Sussex Psychology in the media: May 2019

May was a really productive month for the School of Psychology in terms of media coverage, from local publications to interviews on international tv channels.

“We are drawn towards equality” – Jo Cutler told The i. The newspaper asked Jo about altruism and what moves people to donate, in relation to MacKenzie Bezos’ announcement that she would give half her multi-billion dollar divorce settlement to charity. Jo Cutler is a PhD student in the Social Decision Lab, where she studies the neuroscience of charitable giving, altruism and decision making under the supervision of Dr Daniel Campbell-Meiklejohn. Jo also researches how our brains process good and bad news, which was mentioned in the May issue of Brighton’s Viva Magazine.

Why do we love some animals, but loathe others? Emeritus Professor Graham Davies says that disgust is a learned emotion, probably transmitted socially, culturally and within families. Graham’s research into phobias received international coverage in May, including the Manila Times, the Inquirer and Yahoo News.

“Koala” by abigella is licensed under CC BY-NC-ND 2.0

Dr Sophie Forster explained why parents believe their babies have the most delicious smell in the world in The Phoenix Newspaper and Bounce Magazine. Sophie was asked to comment on the scientific evidence of the new market research by eco-cleaning brand Ecover that showed that 70 per cent of respondents preferred their baby’s natural fragrance to their favourite perfume or aftershave.

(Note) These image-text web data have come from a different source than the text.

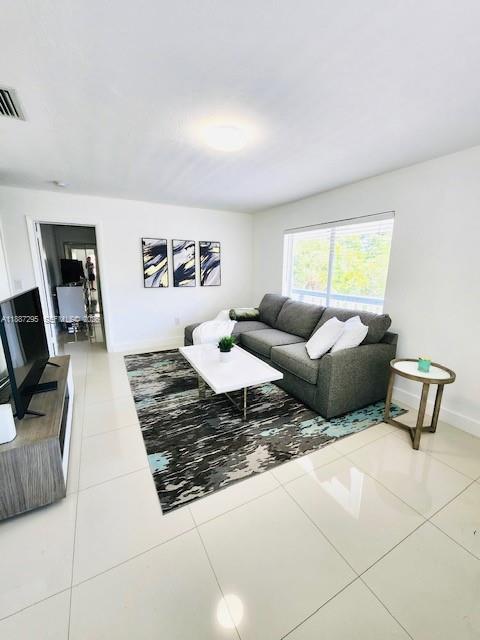 1030 NE 80th St 4 - Image 1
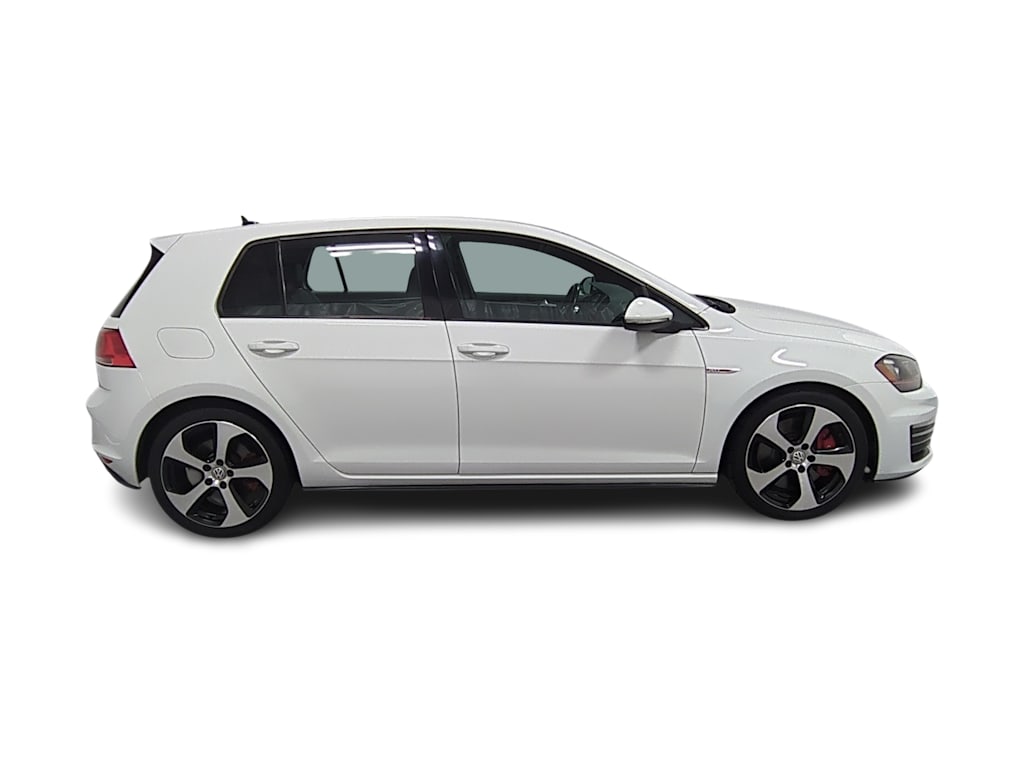 Thumbnail: 2016 Volkswagen Golf - 25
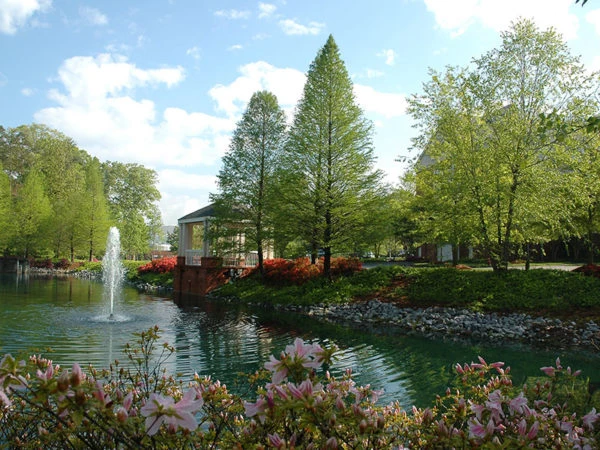 Image of Royal Oaks Retirement Community (1)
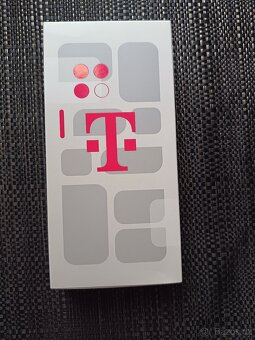Prodám T-Phone 2 5G - 6GB Rám 128 GB Paměť Nový - 3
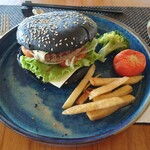 Club Med Phuket - 人気のハンバーガー。炭入のバンズ。
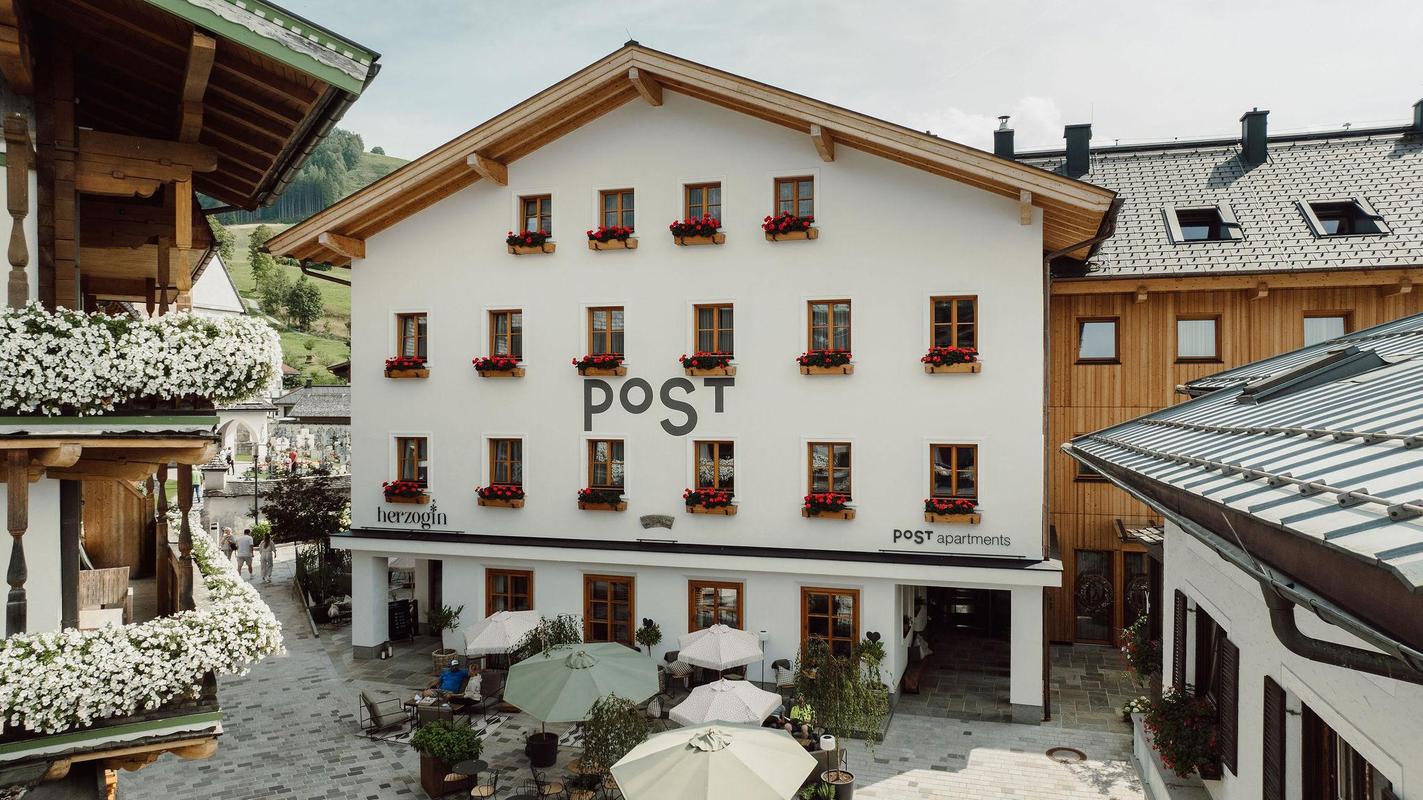 Post Maria Alm_Facade with flowers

Research carried out by Prof Anna Franklin’s Baby Lab inspired a theatre play for babies aged 6 – 18 months called Kaleidoscope, which was performed at the Northern Stage in Newcastle Upon Tyne on 18 May. And Alice Skelton, who researches infant colour perception and colour categorisation in Prof Anna Franklin’s Colour Lab, spoke with The Daily Telegraph about how brands like McDonald’s use bold primary colours to influence consumers.

Amidst the controversy of the cancellation of the Jeremy Kyle show, the New Scientist published an article on the accuracy of lie detectors. Polygraph machines have long been discredited as reliable lie detectors, and professionals use alternative methods focusing on behavioural and linguistic cues. The article mentions an experiment carried by Prof Tom Ormerod (who is stepping down as Head of School in August), and Dr Carol Dando (from the University of Westminster), where they asked 200 people to pose as passengers and lie at airport security. Officers looking for behavioural signs detected less than 5 per cent, whereas those agents using Ormerod and Dando’s interviewing method identified 60 per cent of the lying passengers. You can read more about the experiment in their research paper: “Finding a needle in a haystack: towards a psychological informed method for aviation security screening.”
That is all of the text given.